We should look no further than Proverbs 3:5-6. Proverbs is a treasure trove for wisdom. We have all this knowledge about God, His Word, and the rest—but how do we use this knowledge in our daily walk with Christ? That is wisdom. And Proverbs is full of it.
I think it’s important to go into detail on each statement in the above passage. First, because it’s used so superficially as a “coffee cup verse” that we forget it’s real meaning. Second, though, is because it’s the pathway to living a life to the glory of God.

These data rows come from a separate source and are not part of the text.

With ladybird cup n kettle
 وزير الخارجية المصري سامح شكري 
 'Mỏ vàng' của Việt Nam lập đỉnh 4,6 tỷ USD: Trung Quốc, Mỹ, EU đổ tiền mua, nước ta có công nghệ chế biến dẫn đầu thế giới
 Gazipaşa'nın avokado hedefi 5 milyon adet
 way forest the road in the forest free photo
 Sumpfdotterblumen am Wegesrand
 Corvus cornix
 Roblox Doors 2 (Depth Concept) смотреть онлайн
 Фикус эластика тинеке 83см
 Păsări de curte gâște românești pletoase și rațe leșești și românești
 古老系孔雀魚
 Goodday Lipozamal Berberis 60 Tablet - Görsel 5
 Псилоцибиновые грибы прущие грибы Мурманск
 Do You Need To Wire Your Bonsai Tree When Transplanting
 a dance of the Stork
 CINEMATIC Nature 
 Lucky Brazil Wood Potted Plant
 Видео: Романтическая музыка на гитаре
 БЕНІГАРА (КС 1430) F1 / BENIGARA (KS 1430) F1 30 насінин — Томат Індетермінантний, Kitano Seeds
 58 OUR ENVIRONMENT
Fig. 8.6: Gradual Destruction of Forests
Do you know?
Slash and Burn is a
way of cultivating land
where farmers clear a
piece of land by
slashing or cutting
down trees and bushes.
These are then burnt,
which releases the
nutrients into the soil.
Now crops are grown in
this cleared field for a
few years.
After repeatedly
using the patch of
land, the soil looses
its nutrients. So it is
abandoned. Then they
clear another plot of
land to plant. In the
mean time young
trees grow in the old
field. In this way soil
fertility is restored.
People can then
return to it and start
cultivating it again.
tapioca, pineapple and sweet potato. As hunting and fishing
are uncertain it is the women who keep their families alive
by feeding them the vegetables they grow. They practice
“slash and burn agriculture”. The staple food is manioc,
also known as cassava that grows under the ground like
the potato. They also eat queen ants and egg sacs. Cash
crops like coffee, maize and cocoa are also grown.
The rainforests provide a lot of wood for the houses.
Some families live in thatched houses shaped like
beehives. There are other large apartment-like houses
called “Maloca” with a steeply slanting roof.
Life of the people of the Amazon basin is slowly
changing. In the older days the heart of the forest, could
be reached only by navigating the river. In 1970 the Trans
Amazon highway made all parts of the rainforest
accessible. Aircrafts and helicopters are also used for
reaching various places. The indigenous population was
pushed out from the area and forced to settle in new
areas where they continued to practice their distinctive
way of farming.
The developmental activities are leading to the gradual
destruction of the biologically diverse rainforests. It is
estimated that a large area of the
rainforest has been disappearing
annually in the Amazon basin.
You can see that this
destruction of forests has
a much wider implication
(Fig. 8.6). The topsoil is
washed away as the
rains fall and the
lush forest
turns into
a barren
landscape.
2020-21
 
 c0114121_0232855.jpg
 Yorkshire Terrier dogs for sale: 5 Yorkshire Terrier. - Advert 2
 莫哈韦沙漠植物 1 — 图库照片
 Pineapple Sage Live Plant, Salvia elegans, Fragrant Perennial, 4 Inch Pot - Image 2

Trust in the Lord with all your heart. If we are honest, we will admit to dramatically failing at this. Trusting in God—with all our heart, no less—is not a mere suggestion, but a command. It’s not “If you think of it,” but more like, “You must.” Thankfully, the strength of our trust is not the foundation of our salvation—whether it be justification, sanctification, etc.—Jesus is.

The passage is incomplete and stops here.